- **Listed records**:
══════

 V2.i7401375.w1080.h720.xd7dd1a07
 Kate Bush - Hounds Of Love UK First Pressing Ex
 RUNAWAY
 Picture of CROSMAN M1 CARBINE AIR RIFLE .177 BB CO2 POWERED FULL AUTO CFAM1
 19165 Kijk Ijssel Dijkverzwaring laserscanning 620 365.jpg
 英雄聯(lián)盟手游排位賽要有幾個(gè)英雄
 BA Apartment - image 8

══════

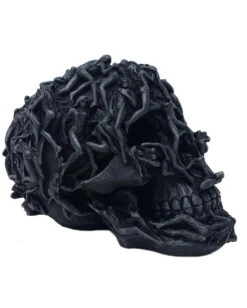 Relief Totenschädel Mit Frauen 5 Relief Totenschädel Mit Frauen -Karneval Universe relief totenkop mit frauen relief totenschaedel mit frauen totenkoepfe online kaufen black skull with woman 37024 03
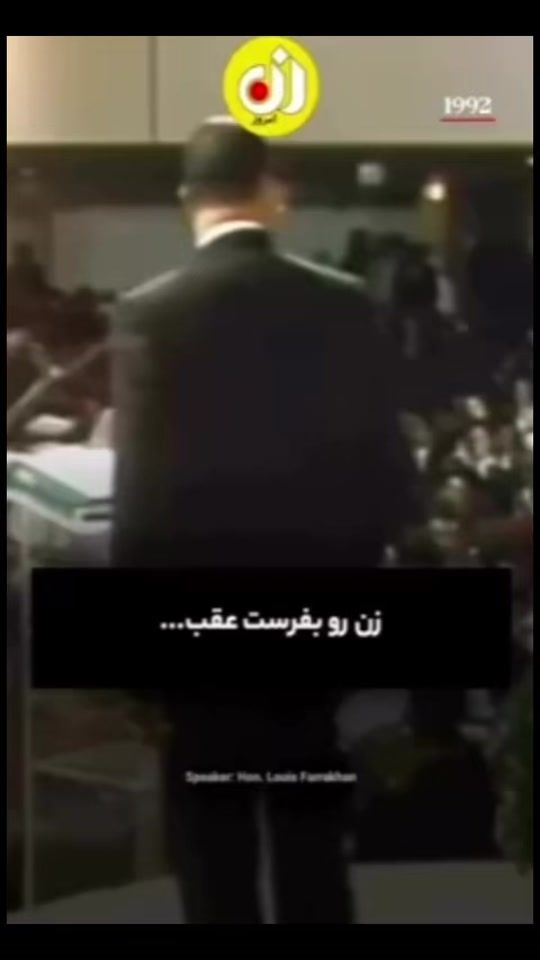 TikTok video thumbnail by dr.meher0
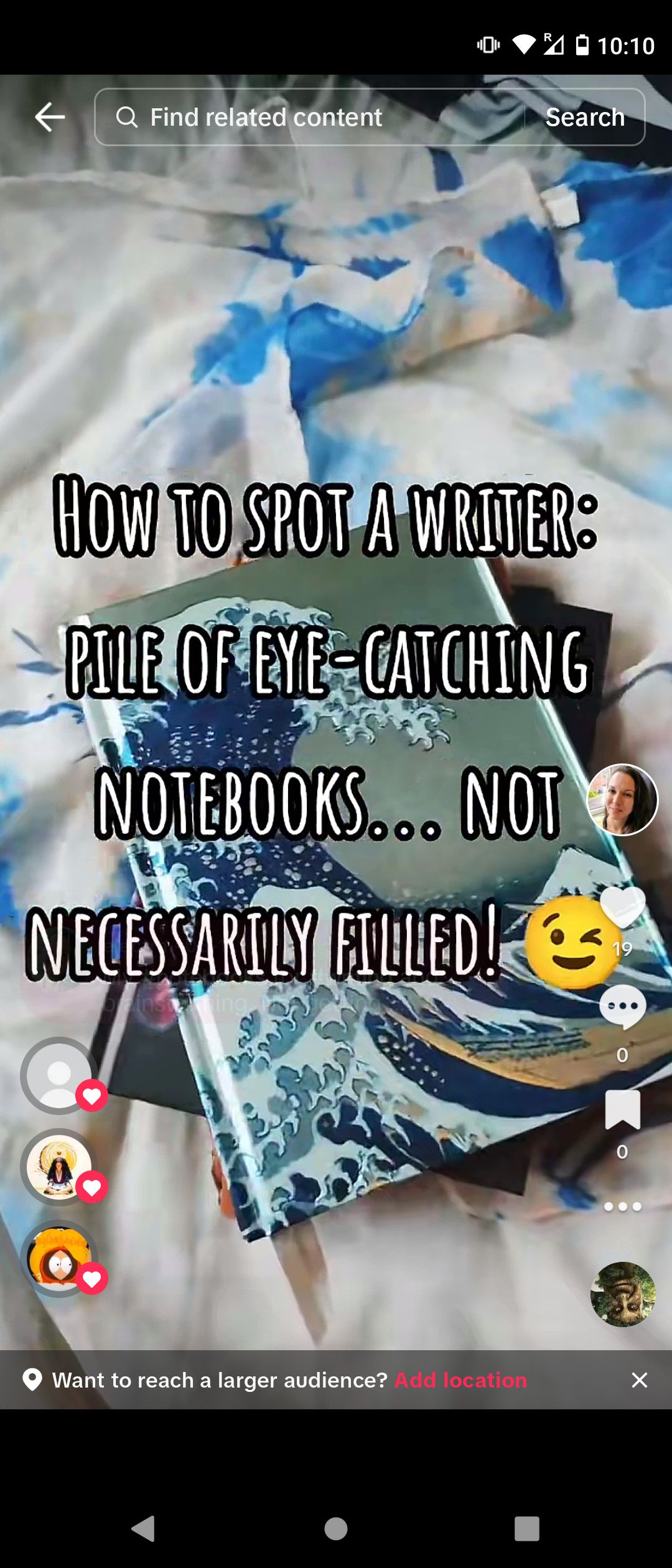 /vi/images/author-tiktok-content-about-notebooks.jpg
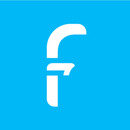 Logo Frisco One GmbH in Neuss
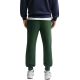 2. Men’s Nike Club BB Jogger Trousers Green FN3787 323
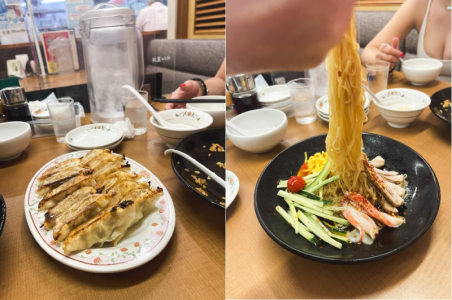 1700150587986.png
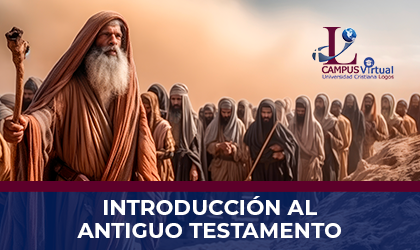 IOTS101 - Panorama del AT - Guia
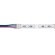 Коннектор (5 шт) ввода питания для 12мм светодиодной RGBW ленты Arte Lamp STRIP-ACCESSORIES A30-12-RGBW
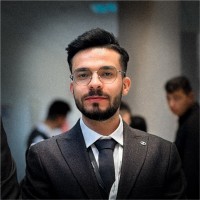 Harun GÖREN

══════

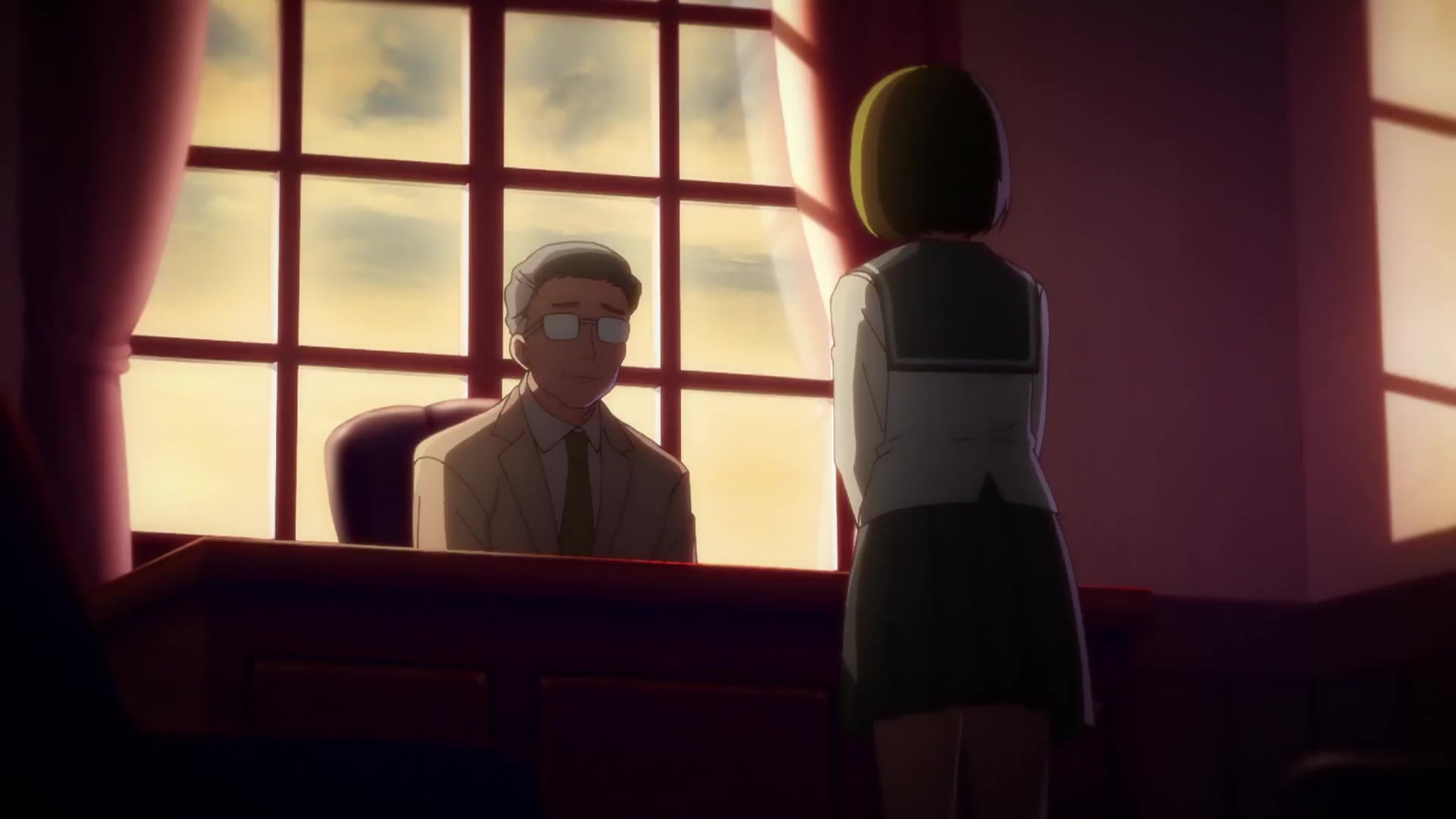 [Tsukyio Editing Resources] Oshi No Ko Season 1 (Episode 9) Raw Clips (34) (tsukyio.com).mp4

══════

- **How to complete this task**: Repeat exactly, and only, the entries from the line with "1700150587986.png" through the line with "Harun GÖREN". Pictures are skipped.

- **Problem solution**:
 1700150587986.png
 IOTS101 - Panorama del AT - Guia
 Коннектор (5 шт) ввода питания для 12мм светодиодной RGBW ленты Arte Lamp STRIP-ACCESSORIES A30-12-RGBW
 Harun GÖREN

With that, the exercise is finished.